Invariance principle for variable speed random walks on trees

Abstract

We consider stochastic processes on complete, locally compact tree-like metric spaces $(T,r)$ on their “natural scale” with boundedly finite speed measure $\nu$. Given a triple $(T,r,\nu)$ such a speed-$\nu$ motion on $(T,r)$ can be characterized as the unique strong Markov process which if restricted to compact subtrees satisfies for all $x,y\in T$ and all positive, bounded measurable $f$, \begin{equation}\label{eabstract}\mathbb{E}^{x}[\int^{\tau_{y}}_{0}\mathrm{d}sf(X_{s})]=2\int_{T}\nu(\mathrm{d}z)r(y,c(x,y,z))f(z)<\infty,\end{equation} where $c(x,y,z)$ denotes the branch point generated by $x,y,z$. If $(T,r)$ is a discrete tree, $X$ is a continuous time nearest neighbor random walk which jumps from $v$ to $v'\sim v$ at rate $\frac{1}{2}\cdot(\nu(\{v\})\cdot r(v,v'))^{-1}$. If $(T,r)$ is path-connected, $X$ has continuous paths and equals the $\nu$-Brownian motion which was recently constructed in [Trans. Amer. Math.

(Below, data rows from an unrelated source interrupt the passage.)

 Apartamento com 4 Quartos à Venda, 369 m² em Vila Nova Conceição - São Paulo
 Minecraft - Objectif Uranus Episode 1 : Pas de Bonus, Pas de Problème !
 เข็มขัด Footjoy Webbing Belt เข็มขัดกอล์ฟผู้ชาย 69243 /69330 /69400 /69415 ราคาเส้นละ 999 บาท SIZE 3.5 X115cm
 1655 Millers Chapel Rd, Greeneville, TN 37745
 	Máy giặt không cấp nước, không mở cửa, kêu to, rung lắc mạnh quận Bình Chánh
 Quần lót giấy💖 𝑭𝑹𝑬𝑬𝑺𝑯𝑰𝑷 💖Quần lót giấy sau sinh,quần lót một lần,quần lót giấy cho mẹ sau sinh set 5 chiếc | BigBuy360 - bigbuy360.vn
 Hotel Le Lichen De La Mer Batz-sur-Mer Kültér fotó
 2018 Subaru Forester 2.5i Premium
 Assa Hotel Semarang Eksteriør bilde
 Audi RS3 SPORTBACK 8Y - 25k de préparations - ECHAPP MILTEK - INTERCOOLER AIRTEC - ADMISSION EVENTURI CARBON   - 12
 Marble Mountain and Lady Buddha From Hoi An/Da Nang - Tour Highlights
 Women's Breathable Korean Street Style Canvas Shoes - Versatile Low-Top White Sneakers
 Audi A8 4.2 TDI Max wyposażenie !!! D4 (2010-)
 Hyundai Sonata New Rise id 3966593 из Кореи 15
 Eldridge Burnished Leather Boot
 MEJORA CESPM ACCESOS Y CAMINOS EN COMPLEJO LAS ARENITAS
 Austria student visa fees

Soc. 365 (2013) 3115–3150]. In this paper, we show that speed-$\nu_{n}$ motions on $(T_{n},r_{n})$ converge weakly in path space to the speed-$\nu$ motion on $(T,r)$ provided that the underlying triples of metric measure spaces converge in the Gromov–Hausdorff-vague topology introduced in [Stochastic Process. Appl. 126 (2016) 2527–2553].